Schon nach seinem Wahlsieg im Jahr 2016 hatte Trump nicht wahrhaben wollen, dass seine damalige Gegnerin Hillary Clinton insgesamt drei Millionen Stimmen mehr bekommen hatte als er selber und er selber die Präsidentschaft nur durch eine Mehrheit im sogenannten Wahlmännergremium gewonnen hatte. Seine anschliessenden Versuche als Präsident, diese ihn offenbar beleidigende Tatsache zu korrigieren, verliefen indessen ergebnislos im Sande – was immerhin für die Seriosität der zuständigen staatlichen Instanzen spricht.
Politische Wunder sind nicht ausgeschlossen
Sollte aber, entgegen den meisten aktuellen Prognosen, Joe Biden noch einmal für vier Jahre ins Weisse Haus gewählt werden, dann sind die Chancen, dass in Amerika eine hoffnungsvolle Aufbruchstimmung um sich greifen könnte, wie sie das britische Königreich Anfang Juni nach der würdigen Machtablösung in Downing Street 10 erlebte, auch nicht eben rosig zu nennen.
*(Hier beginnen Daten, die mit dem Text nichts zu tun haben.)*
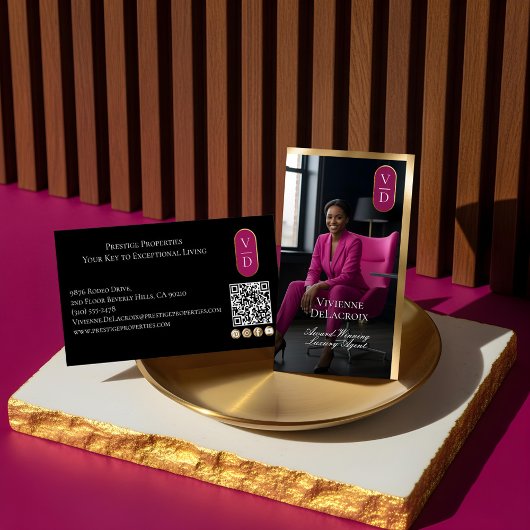 Carte De Visite Luxury Real Estate Black Gold Pink Photo Monogram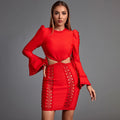sandra red Long Sleeve Cut Out Lace Mini Dress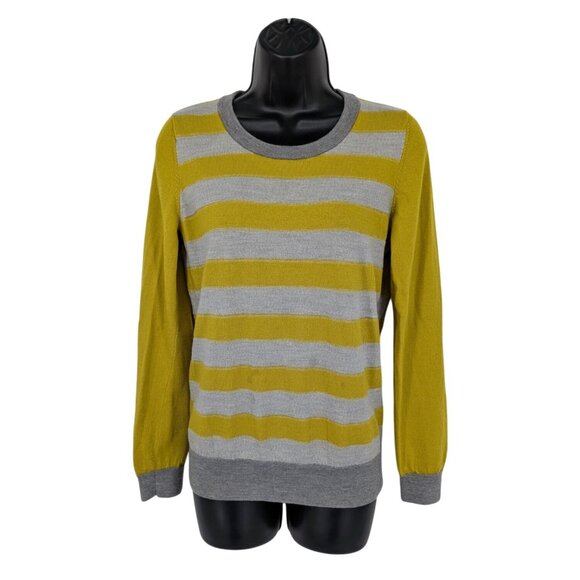 Banana Republic Sweater Women Size M 100% Merino Wool Pullover Colorblock Preppy - Picture 1 of 10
Der dann 82-jährige Biden mag zwar für viele US-Wähler und Beobachter im In- und Ausland im Vergleich zu seinem egomanen Herausforderer entschieden das kleinere Übel sein, aber kaum eine Inspirationsquelle für gesellschaftliche und demokratische Erneuerung.
Mit solchen Hoffnungen wäre höchstens zu rechnen, wenn Biden selbst zur Einsicht kommt oder das Establishment der demokratischen Partei sich zum Entschluss aufrafft, dass ein frischer, glaubwürdiger Präsidentschaftskandidat oder eine Kandidatin gegen Trump in den Wahlkampf steigen muss – und dann zur allgemeinen Verblüffung auch die Präsidentschaft gewinnen würde. Falls eine solche Variante allen Hindernissen und Wahrscheinlichkeitsrechnungen zum Trotz doch Realität werden sollte, könnte man von einem Triumph gesellschaftlicher Reife und demokratischer Entscheidungsmöglichkeiten sprechen.
So, wie sie sie in diesen Tagen im Königreich Grossbritannien zum Tragen gekommen sind.